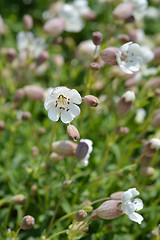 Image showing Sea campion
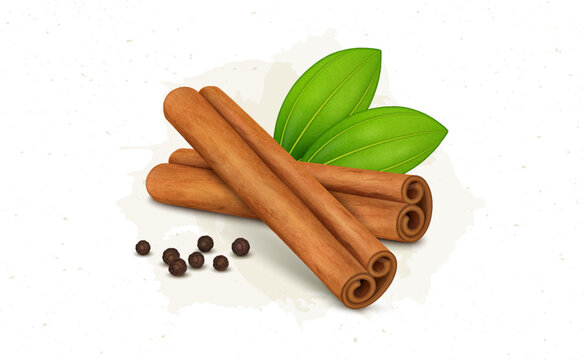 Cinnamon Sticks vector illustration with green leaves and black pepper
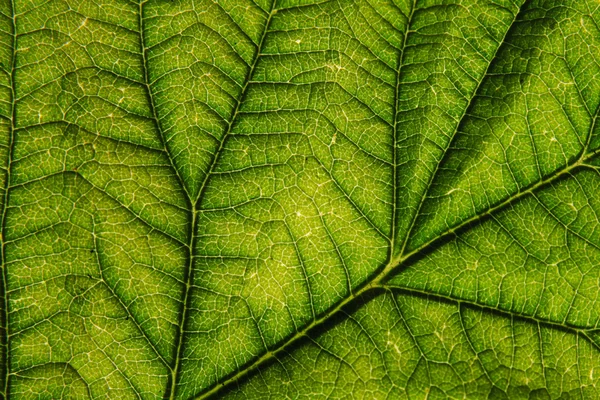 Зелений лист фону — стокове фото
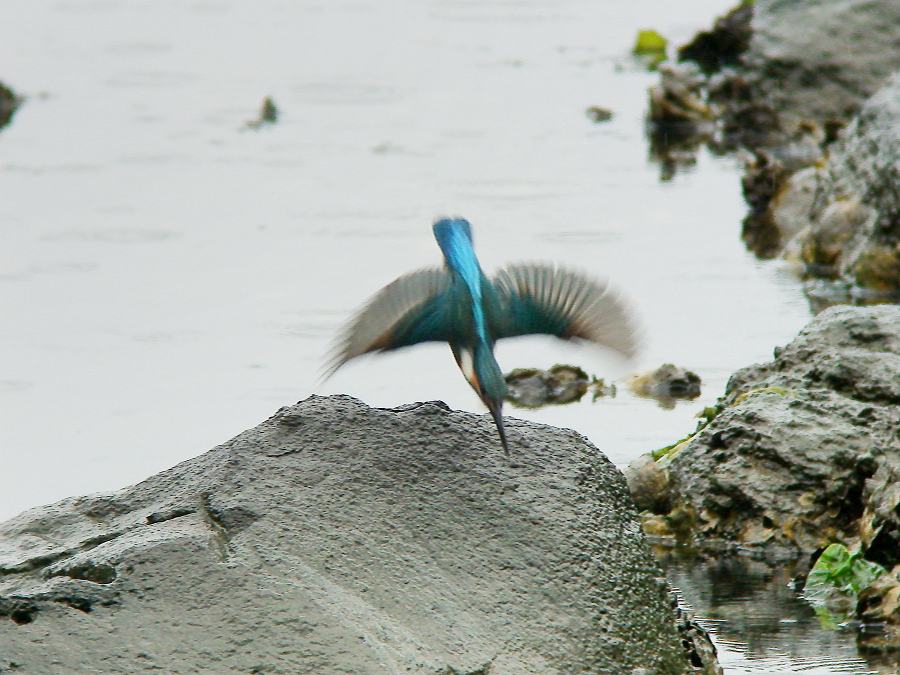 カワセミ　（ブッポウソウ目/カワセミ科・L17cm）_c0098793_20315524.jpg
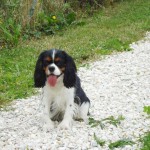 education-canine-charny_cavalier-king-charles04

++++++++

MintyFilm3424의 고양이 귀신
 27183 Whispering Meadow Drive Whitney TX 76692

++++++++

[WHAT IS REQUIRED] For this exercise, please set down exactly the lines of the listing above from the line with "Image showing Sea campion" up to and including the line with "education-canine-charny_cavalier-king-charles04", and no pictures.

[EXERCISE ANSWER]
 Image showing Sea campion
 Cinnamon Sticks vector illustration with green leaves and black pepper
 Зелений лист фону — стокове фото
 カワセミ　（ブッポウソウ目/カワセミ科・L17cm）_c0098793_20315524.jpg
 education-canine-charny_cavalier-king-charles04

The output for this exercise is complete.